I tried talking to him because he misunderstood but now I feel he just used my apprehension as an excuse. He then told me he had to stay with his GF because he needed the money to pay his mortgage. Anyway, he began saying he had to manufacture his feelings for her and said he had to act like a narcissist. He said he was afraid his GF would take his child away.

Then he began managing down my expectations, acting hot and cold, and not being honest. I dropped contact explaining that I felt hurt and used. He broke no contact three weeks later and said he wanted to mend our friendship. We barely spoke after that (Platonic conversations a few times a month) punctuated by him stepping over friendship boundaries and treating me like a back up plan.

In the end I found out not from him that they did get engaged. I felt really manipulated and used. When I confronted him he basically did alot of double talk, going as far to say he was not marrying her for love. Then he disappeared. Again.

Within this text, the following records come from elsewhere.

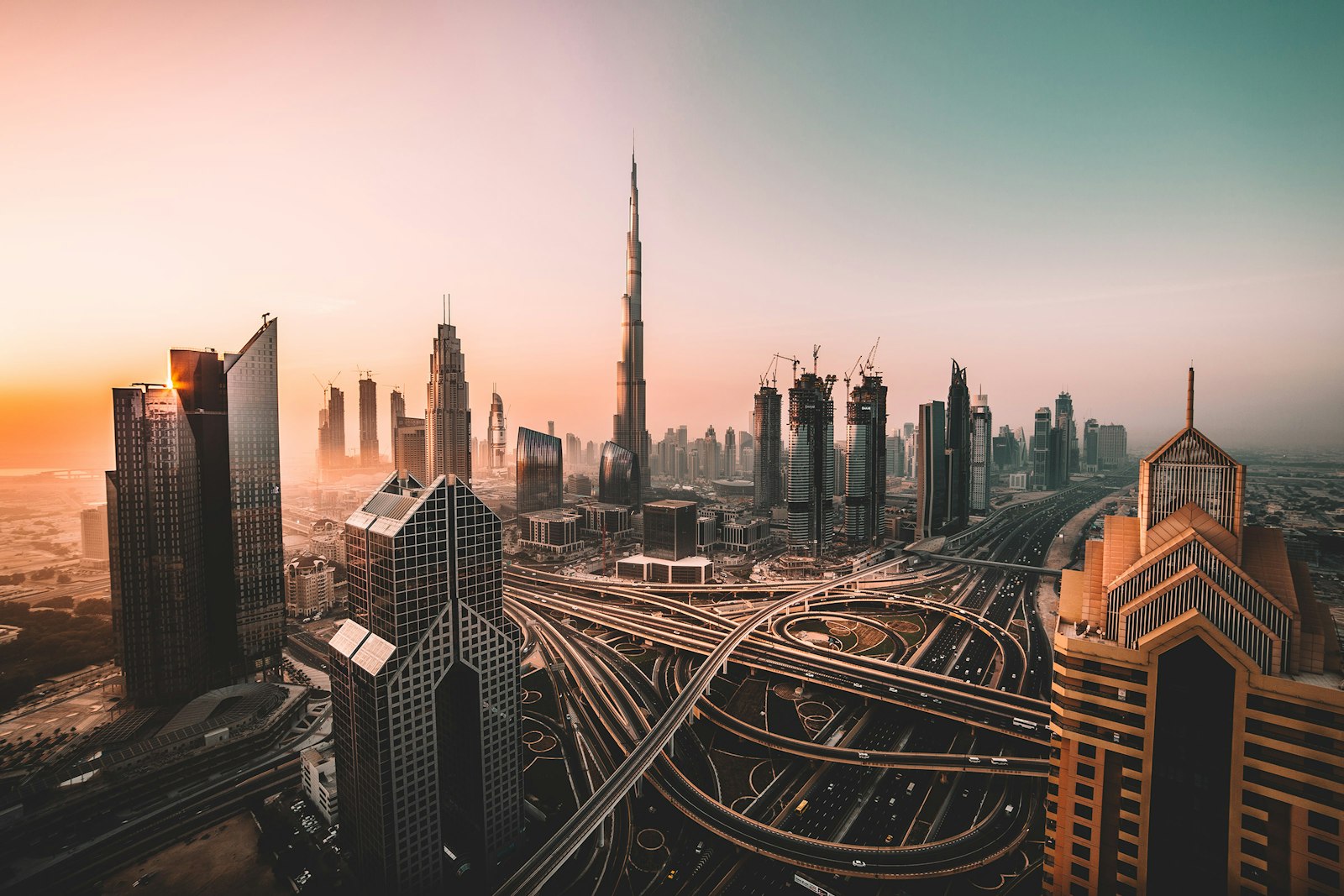 The Dubai skyline at golden hour, with the Burj Khalifa above a web of highways
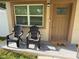 Inviting front porch features two chairs, a neutral color scheme, and a 'hello' door mat at 1913 W Saint Conrad St, Tampa, FL 33607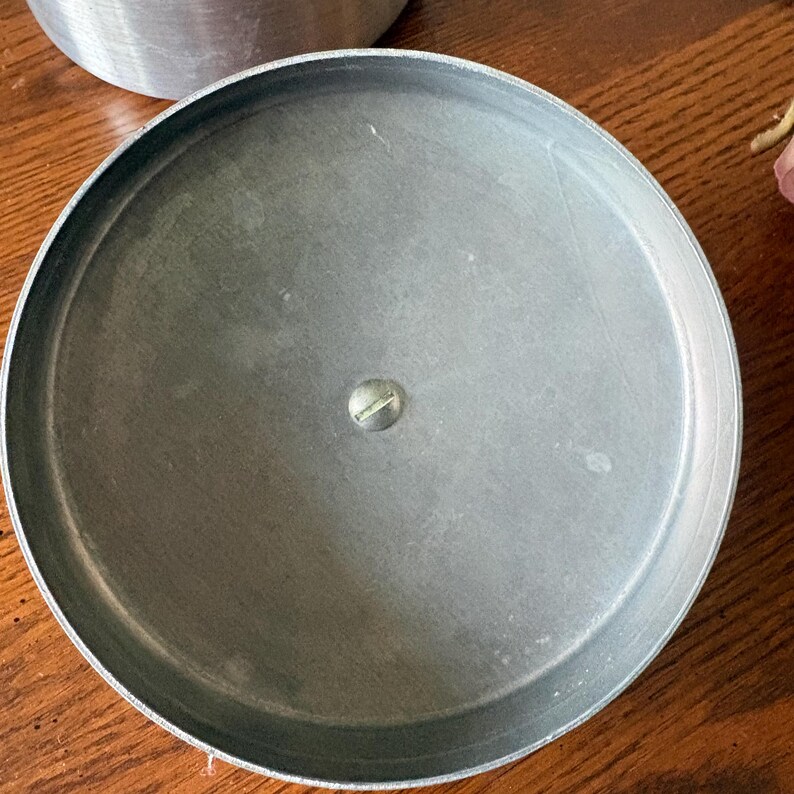 May include: A round, silver-colored metal lid with a screw in the center. The lid has a slightly textured surface and a raised edge. The lid is sitting on a wooden surface.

Sorry for the length of this. I feel extremely stupid for trusting him. And sad he did this not only to me who he has known for 15 years, but his fiance. Is this all adhd? He was never like this before- the narcissistic tendencies, lack of remorse, etc. But he did disappear on me again. Which he swore he would never do again. I need some
clarity please.

As someone who knows what it's like to be manipulated and drove themselves to the point of nearly crazy trying to understand:

Sometimes, we will never understand people who do that if we do not think like them. If we don't see the gain in manipulation, we won't understand why they do it.

Stay away from him. Move on. Don't let him get to you, don't let him change the person you are, don't let his behavior drive to insane trying to work him out.

bfwatts
04-24-14, 12:43 AM
Thank you.

TLCisaQT
04-26-14, 11:22 AM
Even though you have been through a horrible experience, that obviously drudged up a lot of feelings past and present, and then like a tornado, left you with wreckage to clean up (which you didn't ask for).... I congratulate you on being a strong person, and despite your tendencies you expressed to lean towards these type of a relationship, YOU WERE VERY SMART about it, and didn't go see him, and trusted your instincts!!!!! He did not make it easy for sure. I am sorry though that you have to now go once again through the grief and the loss of this BUT know that you did nothing wrong in this situation.

No one can know for sure if it's behavior that can be attributed to more than just ADHD. However, I tend to think that in any relationship when somebody starts to feel "trapped" or unsatisfied, one can tend to start to focus a lot on the past, and past relationships and what may have been, etc, and someone under a lot of stress may find that their usual coping mechanisms and/or medications may not work as well, and they may behave in ways that others may not .... thus.... acting impulsive, when that would not be the right decision and then that creates more conflicts, and then not being able to make good choices, or be honest in a current "relationship." And then this leads to a downward spiral....one that luckily, you chose not to get caught up in.

I hope you are able to receive any help and support that you need and know that there is someone out there, that can be in a relationship with only you, if that is what you want, and you deserve that. Good luck.

bfwatts
04-26-14, 05:14 PM
I very much appreciate your words of encouragement. Thank you.